The boundaries of a Hill sphere are somewhat messy; the Lagrangian points are in effect gravitational eddies where competing Hill spheres interact, although most points on the surface of a Hill sphere are simply points where, if a satellite has enough delta-v to pass them, they will slip into the orbit of the next 'competing' gravity well; this might be a satellite of the Earth moving into orbit around the Moon, the Sun, or in some carefully planned cases, any stop on the interplanetary superhighway. Bodies with lots of large satellites -- such as the Sun and its planets --
have spheres that are riddled with 'holes', as each planet and most asteroids have spheres that exist inside the Sun's sphere.
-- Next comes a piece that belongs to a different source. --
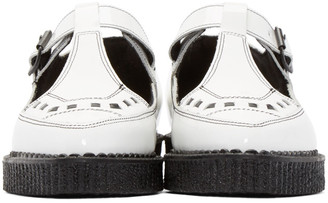 Underground White Patent Leather T-Bar Creepers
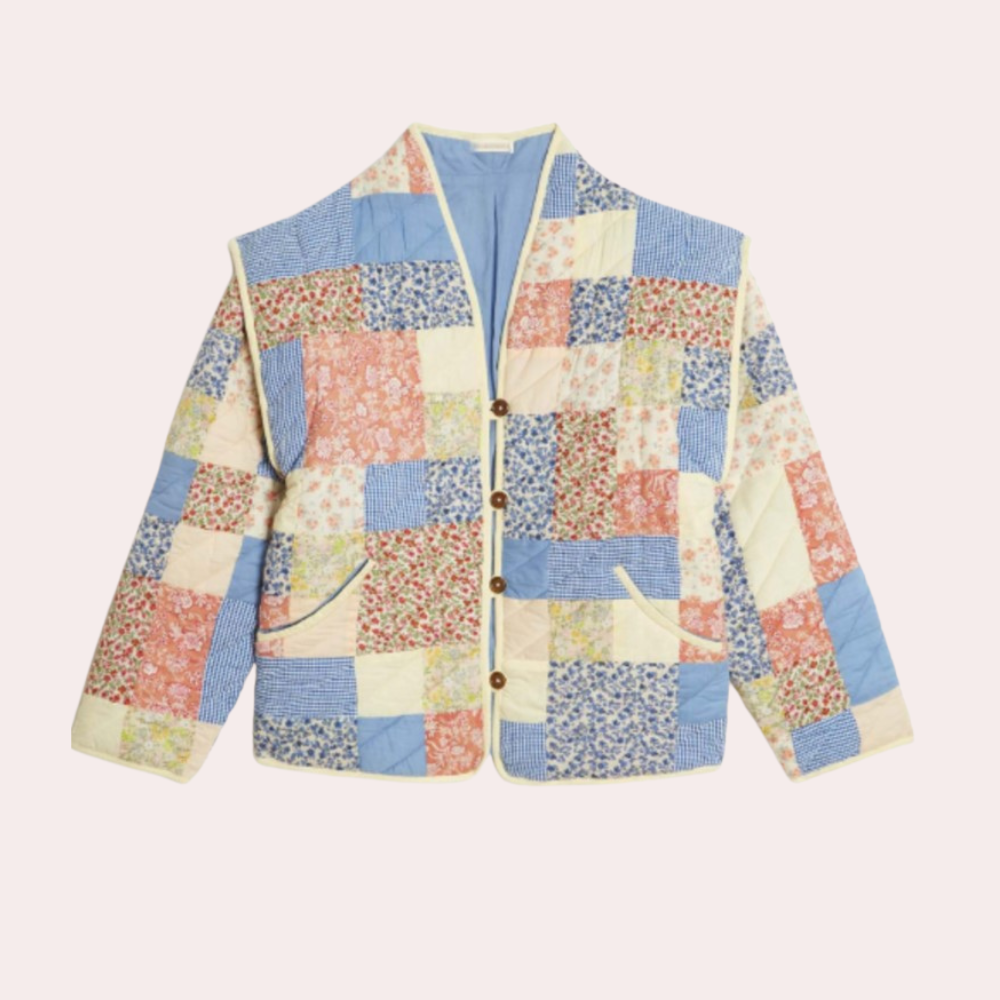 Renata - Geometric Print Bomber — Blue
It is also worth noting that the size of a Hill sphere is dependent on nearby bodies. For example, the largest planetary Hill sphere in the solar system is Neptune's. Jupiter has a larger gravity well, but it is nearer the sun, meaning that the sun's gravity has a greater destabilizing effect on bodies in Jupiter's orbit. The effect of the Sun's proximity is so great that Pluto's Hill sphere is larger than Earth's.
Objects in the outer 50%-30% of a body's Hill sphere are often not stable over the long term, and will eventually escape orbit. Other effects, such as passing near other large bodies, radiation pressure, and the Yarkovsky effect can cause objects to slowly escape orbit.
One might make an erroneous connection between the Hill sphere and Hill's Cloud (AKA the Inner Oort Cloud); this is not a reference to being near the edge of the Sun's Hill sphere (it's not, really), but rather it is named after another Hill, Jack G. Hills, who theorized it in 1981.